Truth is all of us have many things in common.
One of those “things” is emotions, or as some may call it, feelings.
As humans, we all share this common bond.
Yet, many of us (including myself), spend time avoiding feeling them, and/or are not able to admit we are feeling certain feelings.
Where does the stigma of admitting we have moments of being sad, scared, hurt, angry, depressed, or fearful come from?
That is a debate that can go on forever. My guess is misinterpretation of the messages and context both play a part.
I know for certain I was taught “Big Boys Don’t Cry”. I believe my father wanted to teach me how to be strong and lean into my fears. As a child I took that as not allowing myself to feel sadness.
As the title of the blog implies, the purpose of this blog is to redefine how I see courage.

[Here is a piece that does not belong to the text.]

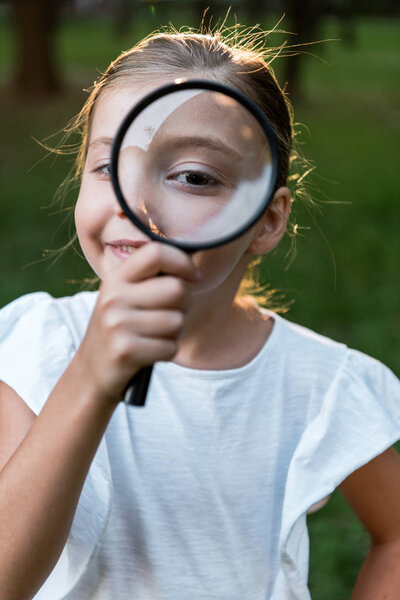 selective focus of cheerful kid holding magnifier near eye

This is my view. You may agree with me or disagree with me, but I respect you and your view either way.
As an adult I have found it extremely liberating to redefine much of what I was taught/ programmed throughout my youth.
Courage is one of them.
Here is how I define courage.
Courage is your ability to lean into any sort of:
Situations that may involve conflict
And most importantly, your ability to identify your true feelings, feel them, and be able to articulate them in the proper context.
I speak from living on both sides of this coin. I have lived a life in a non-courageous manner. I have hidden my feelings, covered them with anger, withdrawal, addictions, and rage.
And honestly, not allowing yourself to feel them is the EASY way out of life.
How does this show up in your day to day life?
You use addictions (healthy and unhealthy), withdrawal, binge watching television, staring at your phone, basically ANYTHING to numb yourself long enough not to feel them.
I urge you all to take the leap and LEAN into courage.
Tell someone you love them. Tell someone they hurt your feelings. Tell someone you are sad when you are.
Whatever happens after that is not up to you.
The WORLD is a better place when you do.
YOU are better when you do.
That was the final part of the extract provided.